Step 5 — View outputs

Check the ./output/ folder that gets created next to the notebook. Open segmented_room.ply in MeshLab or CloudCompare to see the full 3D colored result.


8. Configuration

All tuning parameters are set in Cell 2 and at the top of Cell 7.

Cell 2 — Main settings

DATASET_ROOT = "..."       # path to extracted S3DIS dataset
AREA         = "Area_1"   # Area_1 through Area_6
ROOM         = "conferenceRoom_1"  # exact folder name inside the area
OUTPUT_DIR   = "./output"  # where outputs are saved

Cell 7 — DBSCAN parameters per class

DBSCAN_PARAMS = {
    'floor'    : dict(eps=0.30, min_samples=20),   # large flat surface
    'ceiling'  : dict(eps=0.30, min_samples=20),   # large flat surface
    'wall'     : dict(eps=0.20, min_samples=15),   # vertical surfaces
    'beam'     : dict(eps=0.15, min_samples=10),   # thin structural elements
    'window'   : dict(eps=0.15, min_samples=10),   # small openings
    'furniture': dict(eps=0.08, min_samples=10),   # tight clusters per object
}

eps — the radius in meters within which points are considered neighbors. Smaller = more separate clusters, larger = more merging.
min_samples — minimum points to form a cluster core. Higher = fewer but cleaner clusters.


9. Stage-by-Stage Explanation

Cell 0 — Install packages

Runs pip install for all required packages.

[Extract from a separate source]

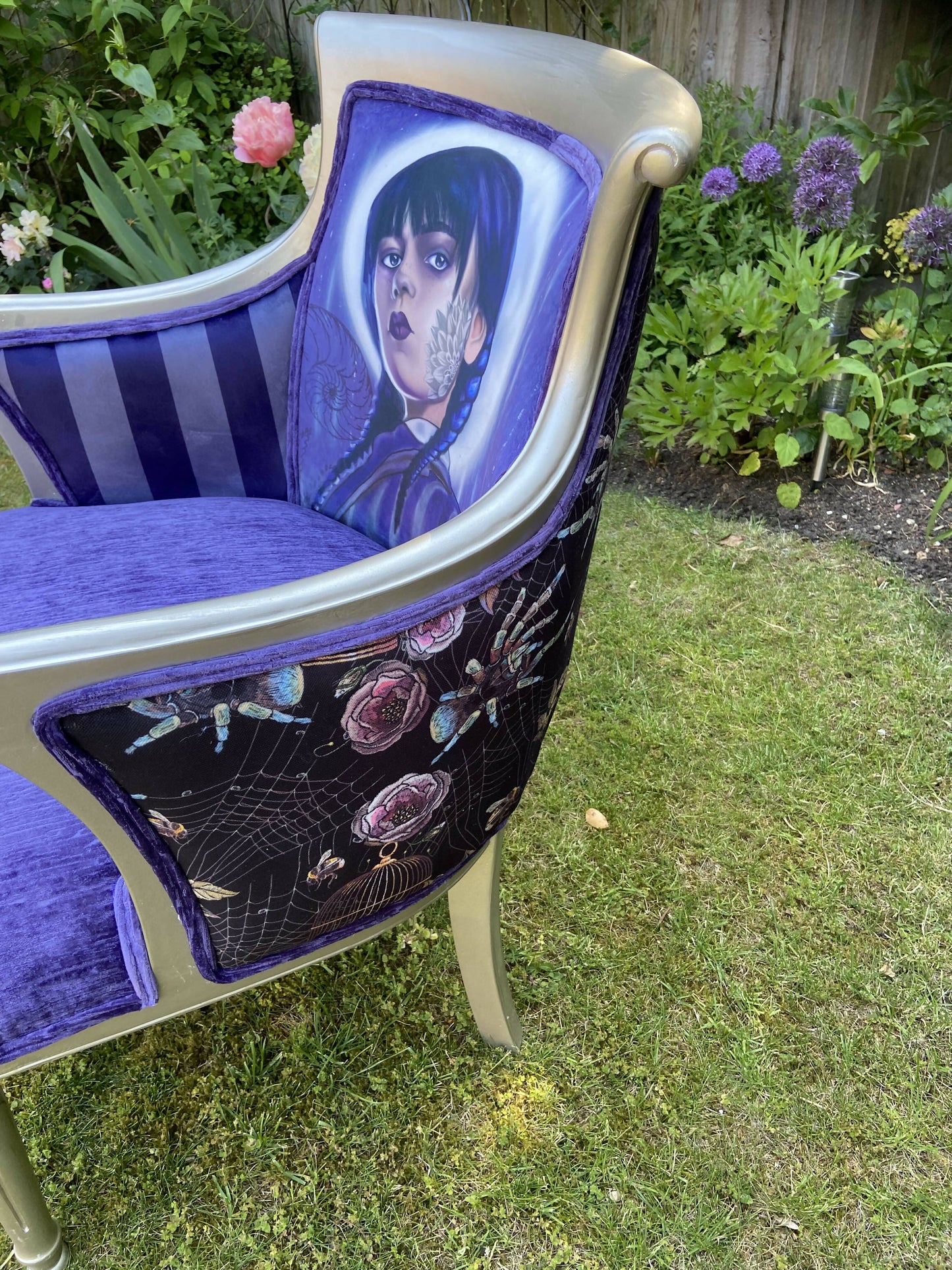 Velvet Covered Chair with Wednesday Addams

Run once, skip afterwards.

Cell 1 — Imports

Loads all Python libraries and prints version numbers to confirm everything is working.

Cell 2 — Configuration

Sets the dataset path, which room to process, and creates the output folder. Also prints a full listing of all available rooms in the dataset so you can see what's available.

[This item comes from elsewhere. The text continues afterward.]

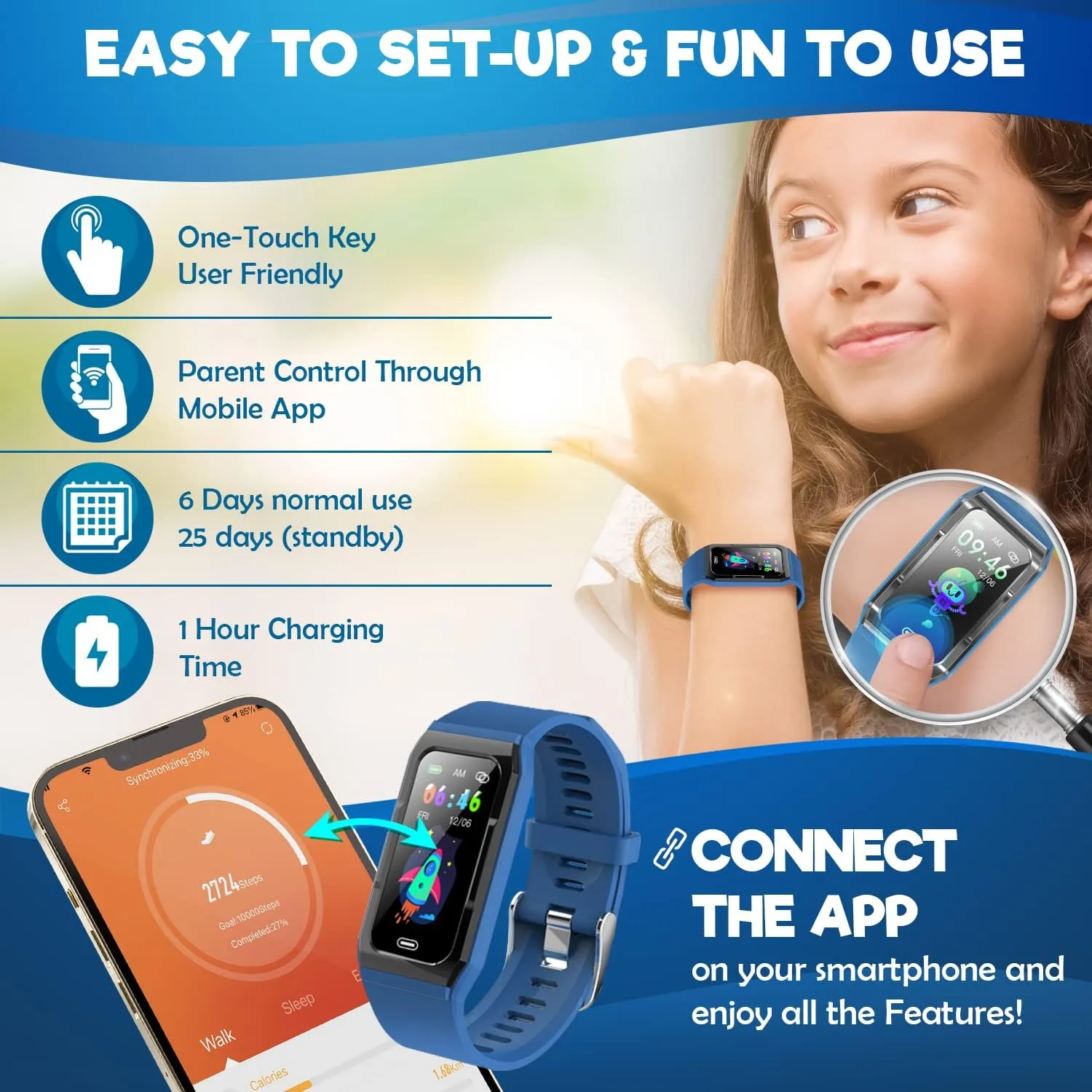 Kids Fitness Tracker: Waterproof, Heart Rate & Sleep Monitor, Ages 5-16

Cell 3 — Load from Annotations

This is where labels come from. Instead of loading the merged room .txt file, this reads every individual file in Annotations/ (e.g., chair_1.txt, floor_1.txt) and tags each point with its ground-truth label derived from the filename prefix.

The category mapping used:

CAT_MAP = {
    'floor'   : 'floor',      'ceiling' : 'ceiling',
    'wall'    : 'wall',        'beam'    : 'beam',
    'column'  : 'beam',        'window'  : 'window',
    'door'    : 'furniture',   'table'   : 'furniture',
    'chair'   : 'furniture',   'sofa'    : 'furniture',
    'bookcase': 'furniture',   'board'   : 'furniture',
    'clutter' : 'furniture',
}

After loading, it optionally centers the point cloud so the room centroid is at the origin.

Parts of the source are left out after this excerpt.